> Records for the exercise:
<<<<

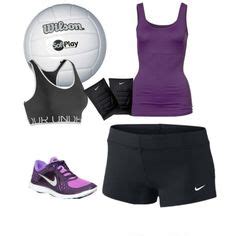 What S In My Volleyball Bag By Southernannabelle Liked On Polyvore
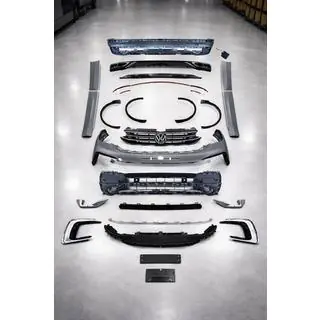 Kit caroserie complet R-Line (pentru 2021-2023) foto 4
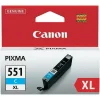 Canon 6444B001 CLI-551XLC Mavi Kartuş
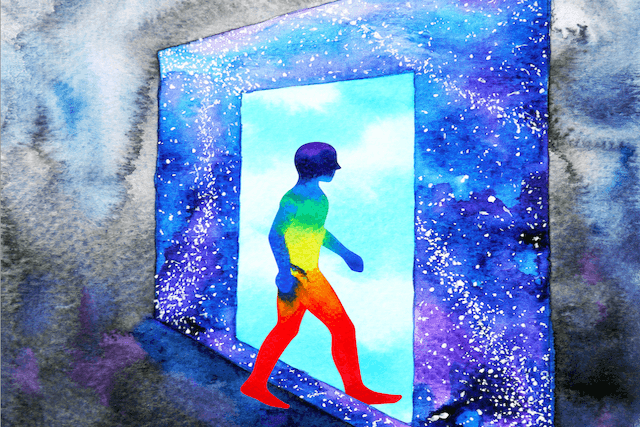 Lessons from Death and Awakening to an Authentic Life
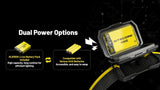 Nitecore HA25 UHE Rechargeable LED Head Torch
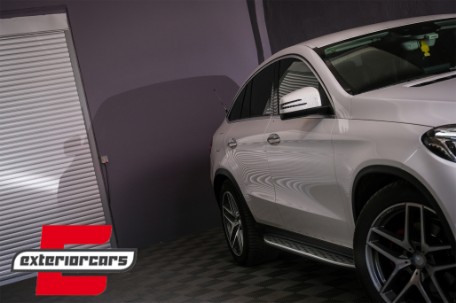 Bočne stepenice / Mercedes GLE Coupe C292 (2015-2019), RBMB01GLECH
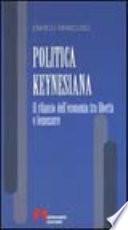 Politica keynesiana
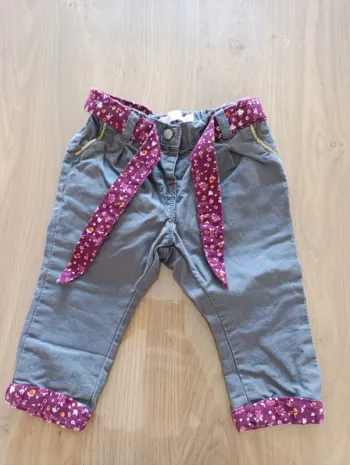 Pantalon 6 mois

>>>>
<<<<

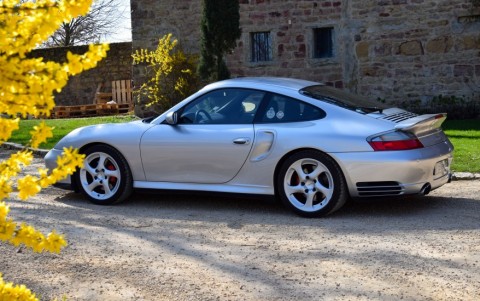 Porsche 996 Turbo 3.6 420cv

>>>>

Although the records above contain pictures, the copy must not; set down exactly the lines from the one with "What S In My" up to and including the one with "Pantalon 6 mois".

 What S In My Volleyball Bag By Southernannabelle Liked On Polyvore
 Kit caroserie complet R-Line (pentru 2021-2023) foto 4
 Canon 6444B001 CLI-551XLC Mavi Kartuş
 Lessons from Death and Awakening to an Authentic Life
 Nitecore HA25 UHE Rechargeable LED Head Torch
 Bočne stepenice / Mercedes GLE Coupe C292 (2015-2019), RBMB01GLECH
 Politica keynesiana
 Pantalon 6 mois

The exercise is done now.